Especially, in the task of traffic sign detection, although many computer vision models based on deep learning achieve remarkable performance on many standard benchmarks, for example, Dou et al. [1] Proposed a new lightweight backbone network, and the experiments on CCTSDB [2] dataset illustrate that the algorithm has great real-time performance and accuracy. He et al. [3] presented an automatic recognition algorithm for traffic signs based on visual inspection and a traffic sign recognition learning architecture was created based on CapsNet, and through experiments on LISA (Laboratory for Intelligent and Safe Automobiles) traffic sign dataset, the model consumed shorter time yet better recognition performance than that of baseline methods.

But we should notice that it cannot guarantee a positive effect in practical applications. On the one hand, traffic sign detection tasks in the real world do have many special and complex properties. On the other hand, these models lack of the robustness of the human vision system when the image returned by the camera contains noise of various types and frequency bands.

Using data augmentation is a common and effective method to keep the model robust. Many mature deep learning models have a specially designed data augmentation module, which helps to improve the comprehensive performance of the model. Of course, the reason is not only to enrich the training samples, but also some data augmentation methods include the idea of regularization, so as to have stronger robustness under special disturbances.
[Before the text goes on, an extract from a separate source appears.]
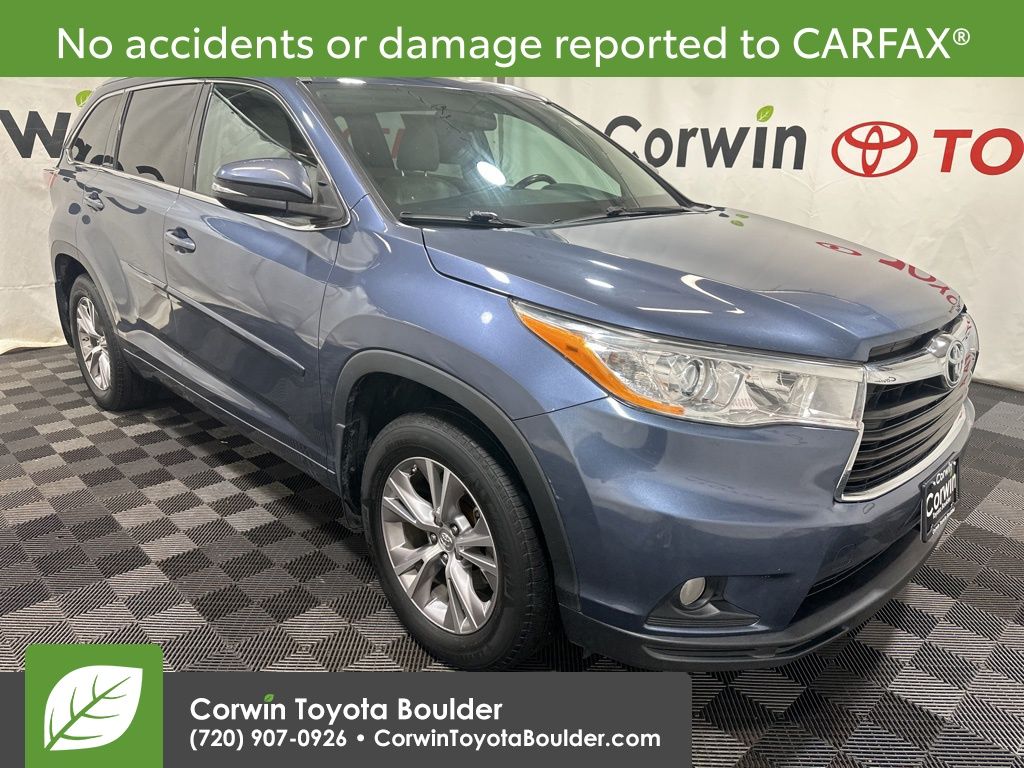 2014 Toyota Highlander XLE's photo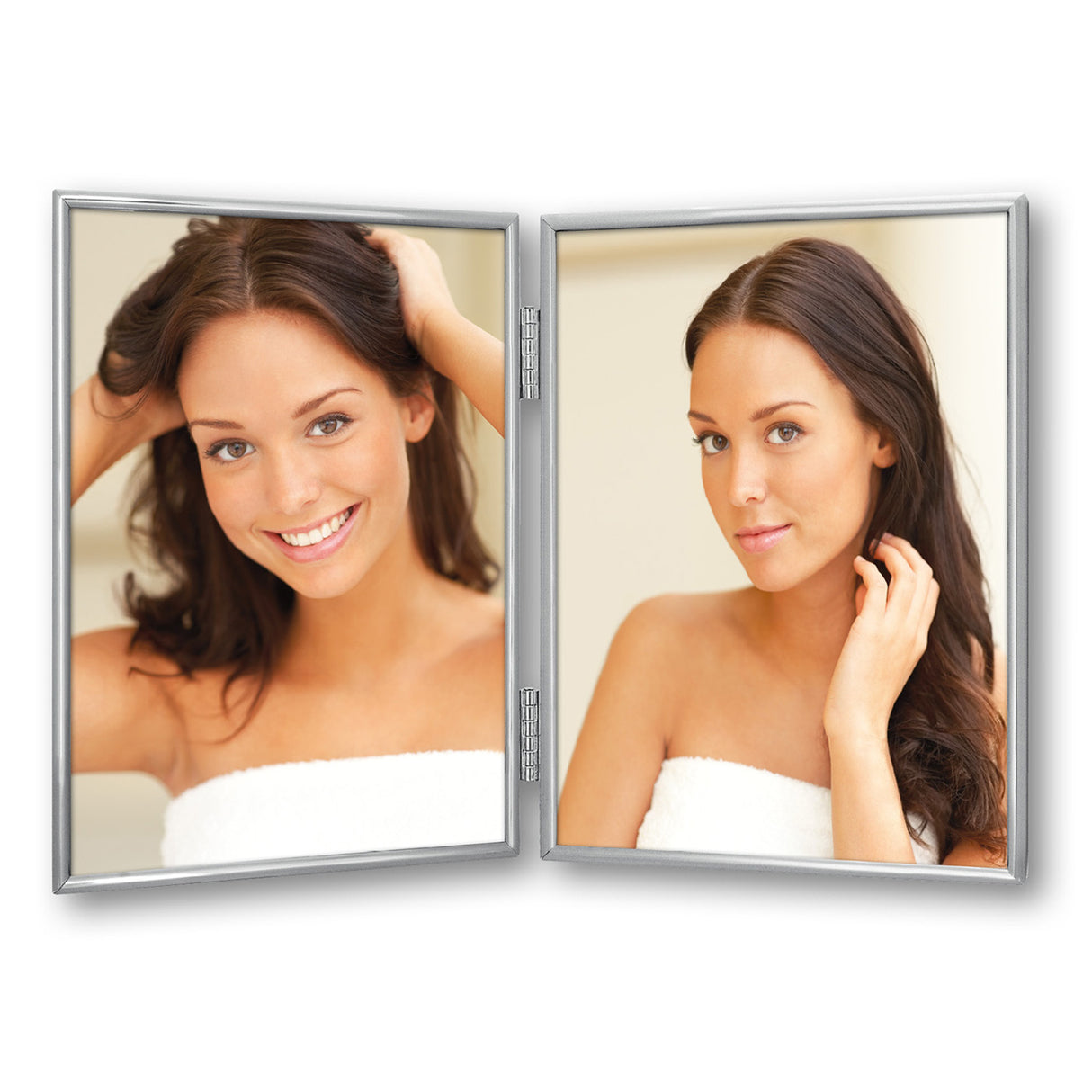 Zep Photemrahmen 120ds01-4RR Sëlwer 2x 10x15 cm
However, data augmentation rarely improves robustness across all corruption types. For example, in a real driving scene, the weather conditions are complex and changeable. If there is a heavy fog, heavy rain, or heavy snow, the effect of atomization or the shielding effect of raindrops and snowflakes will appear in the field of vision. In addition, the camera will contain some photo shot noise, dark current shot noise, and readout noise more or less in the imaging process. So this begs a natural question: Is there any way for data augmentation strategy to maintain the robustness of the model under different noise interference conditions?

Only by understanding this question, can our model improves robustness across these different corruptions, and these systems will become safer in the real traffic scenarios.

As it is known, Mosaic is an efficient augmentation strategy proposed by ultralytics-YOLOv3 [4]. The main idea is to randomly cut four pictures, and then splice them into one picture, which enriches the background, expands the samples, and increases batch size without introducing extra computing load. Therefore, it has been successfully adopted in many famous detectors, for example, the follow-ups: YOLOv4 [5] and YOLOv5 [6] of YOLO series. MixUp [7] is also a well-known method, after it is originally designed for image classification task, and then modified in BoF [8] for object detection training. In [9], the effectiveness of Mixup in improving detection accuracy and the advantages of anti-interference in classification networks have been discussed. This article will mainly discuss the two methods of Mixup and Mosaic. Taking these two mature data augmentation methods as examples, it is helpful for us to further promote them to other tasks and methods.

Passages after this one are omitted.